‘C’mon, Pretzel.’ She patted an empty patch beside her. ‘C’mon up and give Mummy a wee cuddle.’ Pretzel danced half-heartedly on his front paws but did not attempt to jump. He wandered away, head down and sniffing, and wound a straggly course which led him eventually to the tartan dogbed which Sara had bought for him, which was lying under a small, circular dining-table. Pretzel climbed in, circled it twice, lay down and sank his doleful head on to his front paws.

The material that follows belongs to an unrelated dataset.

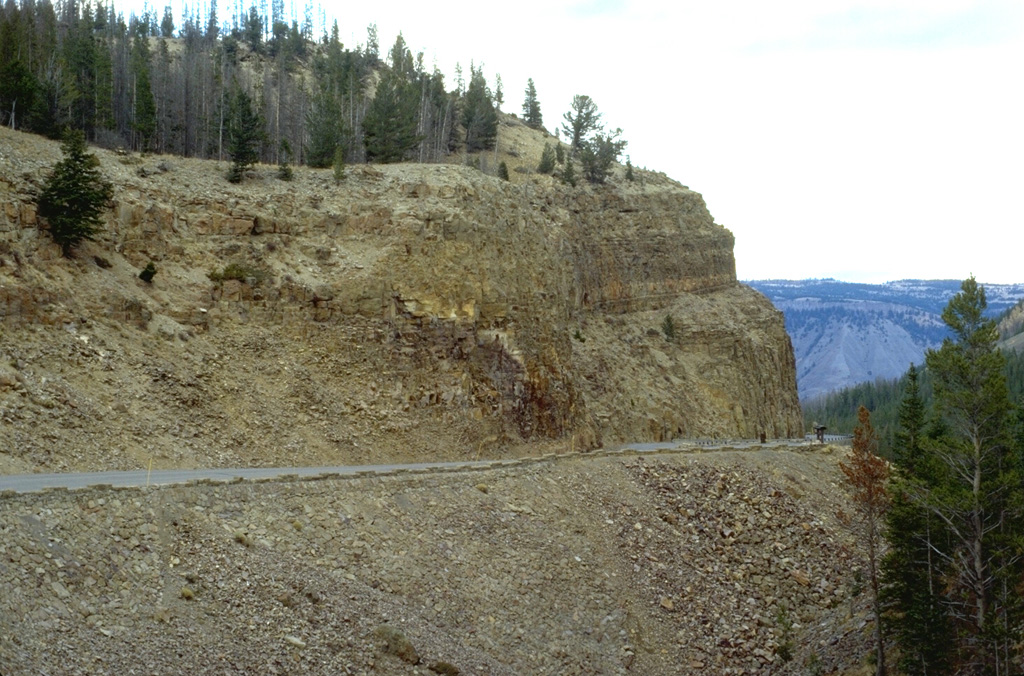 A roadcut at Golden Gate, north of Mammoth, cuts through the Huckleberry Ridge Tuff, the deposit produced by the gigantic eruption that created Yellowstone's first caldera about 2 million years ago.  The 2500 cu km Huckleberry Tuff,  one of the world's largest Quaternary eruptions, consists of welded tuffs and voluminous airfall deposits found as far away as southern California. The eruption created the 75-km-wide Island Park caldera, which extends from SE-Idaho into central Yellowstone. Photo by Lee Siebert, 1994 (Smithsonian Institution).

Joyce’s mind was once again drawn away reluctantly from the package in her handbag, and she looked at him with concern. Sighing, she heaved herself to her feet and felt his nose, which was dry but cold. His ears felt cold, too. As she caressed them, he lifted his head, shivered sadly, gave a little whimper and let his head fall again on to his paws. She fetched a sweatshirt from the bedroom and placed it round him, but he still looked at her sadly. Kneeling
beside him, she looked back into his eyes and recognised what she saw reflected in them: humiliation, displacement, the beginnings of bewilderment, the same refugee’s consciousness which she had grown adept at sublimating in herself, chiefly by forgiving herself her trespasses, blaming others and looking on the bright side.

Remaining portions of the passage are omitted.